Mechanical system design from bio-inspiration

C.

Bio-inspired analysis on a mechanical system

The detail contents can be summarized as follows.

1. Biomimetic Robot Design

1.1. Soft Jumping Robot Using Soft Morphing and the Yield Point of Magnetic Force

Soft-morphing, deformation control by fabric structures and soft-jumping mechanisms using magnetic yield points are studied. The soft jumping mechanism can transfer energy more efficiently and stably using an energy storage and release mechanism and the rounded ankle structure designed using soft morphing [1].

1.2. Snake Robot with Driving Assistant Mechanism

A driving assistant mechanism is proposed for a snake robot, which assists locomotion without additional driving algorithms and sensors. The driving assistant mechanism can prevent roll down on a slope and can increase the locomotion speed [2].

1.3. A Miniature Flapping Mechanism Using an Origami-Based Spherical Six-Bar Pattern

A novel transmission is proposed for DC motor-based flapping-wing micro aerial vehicles. The proposed origami-based fabrication method reduces the number of relative moving components by replacing rigid links and pin joints with facets and folding joints, which shortens the assembly process and reduces friction between components [3].
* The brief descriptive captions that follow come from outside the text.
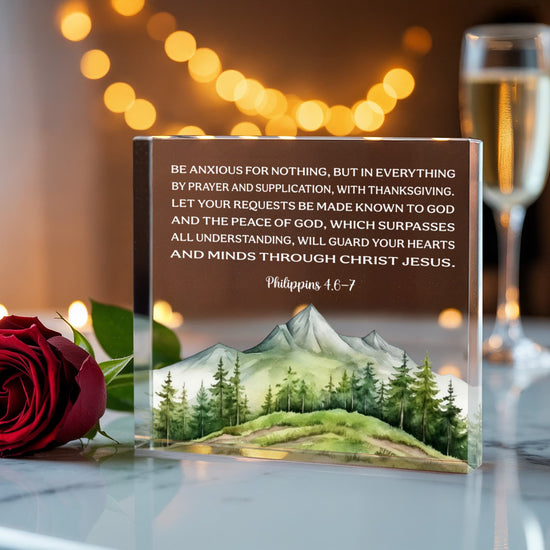 Philippians 4:6–7 Acrylic Bible Verse Plaque – Christian Gift | Faith Home Decor | Inspirational Scripture Keepsake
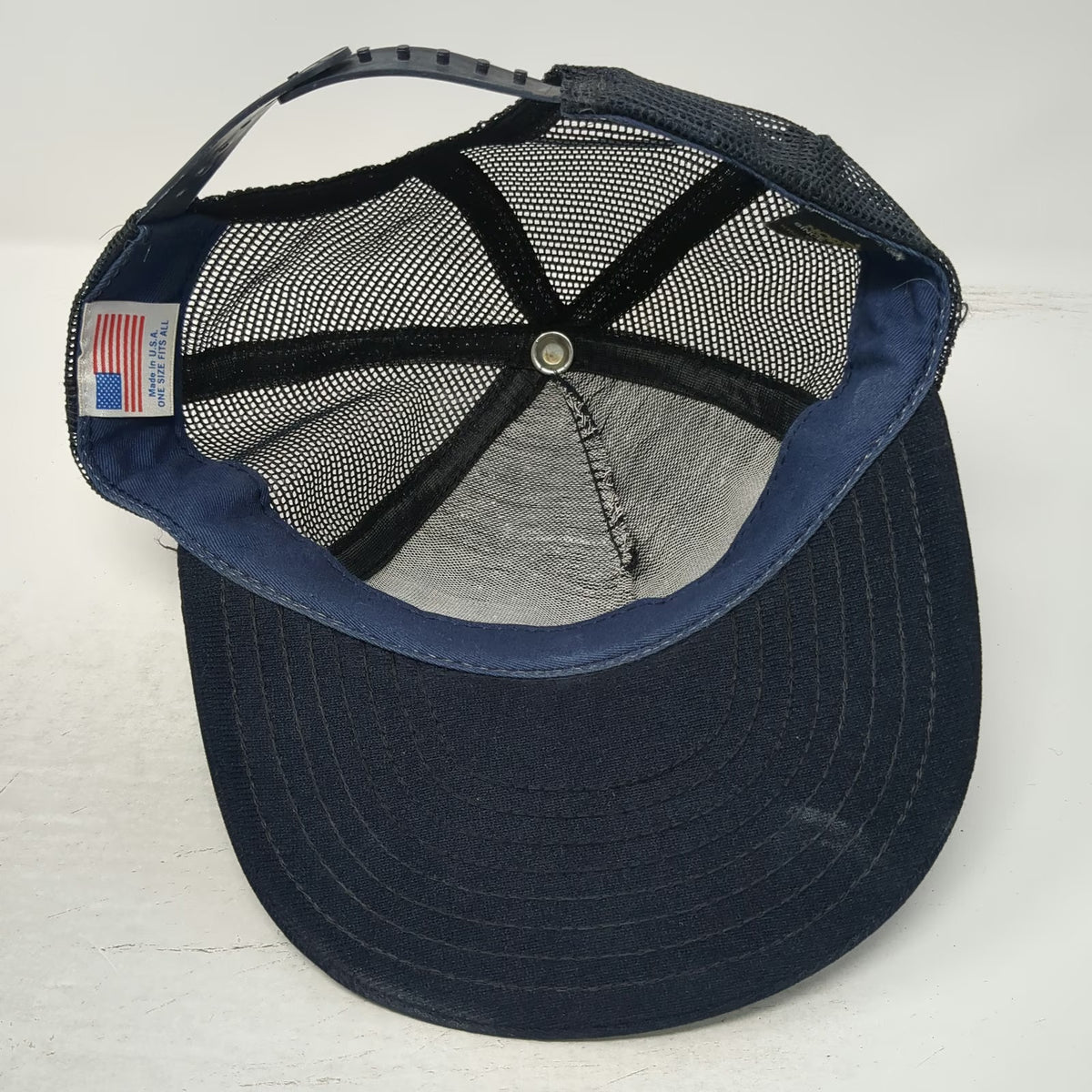 North Star Trucker Hat Blue Mesh Back Snapback Made in USA Blank Vintage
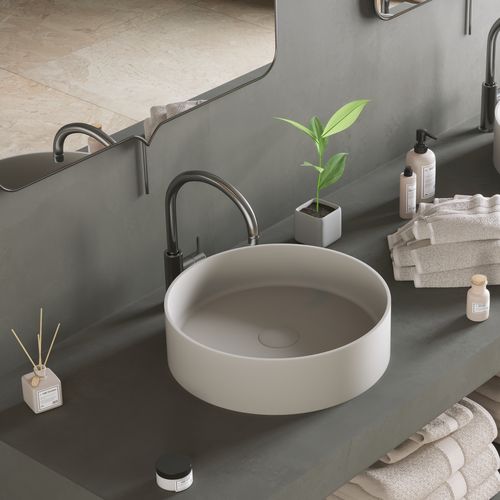 Lavabo da appoggio - 281617 SOLIDTHIN-40 - IDEAVIT B.V - in Solid Surface / rotondo / contemporaneo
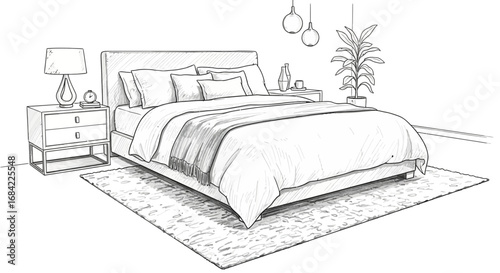 Detailed line drawing of a stylish contemporary bedroom interior sketch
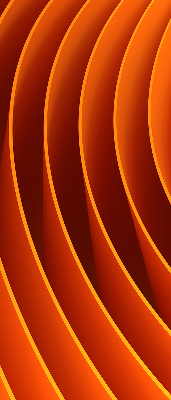 Binnengordijn in oranje abstracte uitvoering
2. Mechanical System Design from Bio-Inspiration

2.1. Bioinspired Divide-and-Conquer Design Methodology for a Multifunctional Contour of a Curved Lever

Bioinspired design methodology for a multifunctional lever is proposed based on the morphological principle of the lever mechanism in the Salvia pratensis flower. Four partial contours are designed to satisfy three types of functional requirements. The final design for the lever contour is manufactured and verified with visual measurement experiments [4].

2.2. Cable Tension Analysis Oriented the Enhanced Stiffness of a 3-DOF Joint Module of a Modular Cable-Driven Human-Like Robotic Arm

Inspired by the structure of human arms, a modular cable-driven human-like robotic arm is developed for safe human–robot interaction. Due to the unilateral driving properties of the cables, the robotic arm is redundantly actuated and its stiffness can be adjusted by regulating the cable tensions [5].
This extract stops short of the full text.